Blues Exhibit at Central Library



Edison Cylinder Player circa 1886.
Edison cylinder No.18 from The Cabinet Factory

Two examples of cylinder rolls
“Beautiful Beckoning Hands” – Edison Mixed Quartet
“Pickaninny Blues” 1888 – The Crescent Trio

Victor Record Player. circa 1912
Victor Talking Machine 78 rpm table model with shellac record



James “Guitar Slim” Stephens (d.1989) was born on March 10, 1915, near Spartanburg, South Carolina. He began playing pump organ when he was only five years old, singing spirituals he learned from his parents and reels he heard his older brother pick on the banjo. Slim was so small that his feet would not reach the organ pedals, so he had one of his brothers do the pumping while he practiced the keys.
Within a few years, Slim was playing piano. When he was 13, he began picking guitar, playing songs he heard at local "fling-dings," house parties, and churches. A few years later, he joined the John Henry Davis Medicine Show, playing music to draw crowds to hear the show master's pitch; this took him throughout the southeastern Piedmont. It seems as if traveling was in Slim’s blood from that point on; in the next 20 or so years, he moved throughout the eastern United States, living in such cities as Richmond, Durham, Louisville, Nashville, and Waterbury, Connecticut.
In 1953 he arrived in Greensboro, where he lived for the remainder of his life playing both guitar and piano -- singing the blues at house parties and spirituals at church. His first LP, "Greensboro Rounder," (seen here) was issued in 1979 by the British Flyright label.

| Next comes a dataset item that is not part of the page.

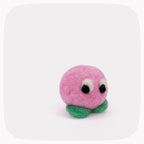 A small pink felt creature toy with a round fuzzy body, green felt feet, and large black-and-white eyes, photographed on a light gray background with rounded corners.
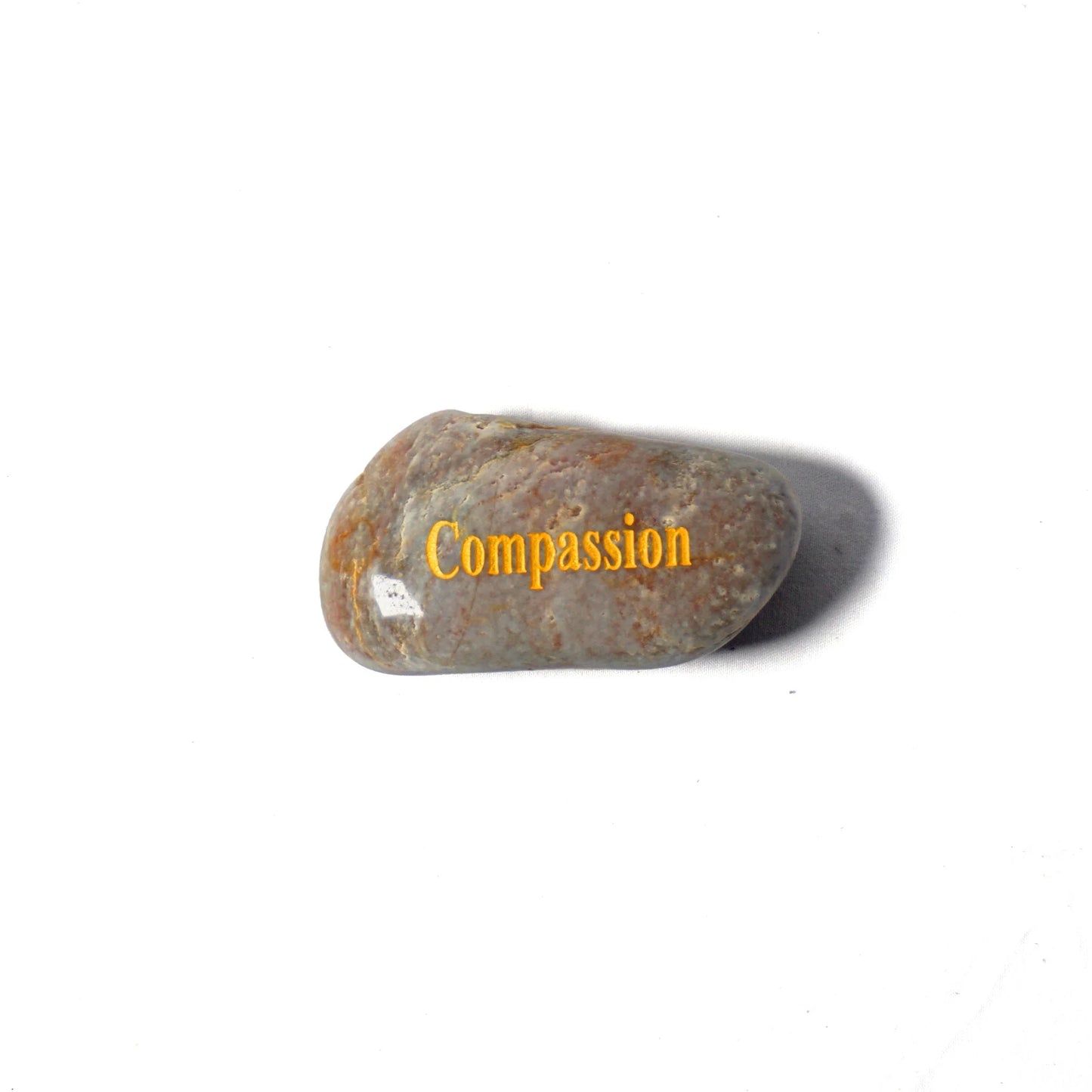 Rounded stone with 'Compassion' engraved on a white background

Okeh (4169) 78 rpm. Recorded Tuesday, August 10, 1920
Okeh label advertising promo for some of Mamie Smith’s earlier recordings.
Original sheet music for Crazy Blues by Mamie Smith and Her Jazzhounds
This #4169 Okeh 78 rpm record is generally acknowledged as the first commercial blues recording. Mamie Smith and Her Jazzhounds With The Crazy Blues, recorded on Tuesday, August 10, 1920 in New York City. The flip side is "It’s Right Here For You (If You Don’t Get It ‘Taint No Fault O’ Mine"
Also displayed is the original Okeh advertising and sheet music.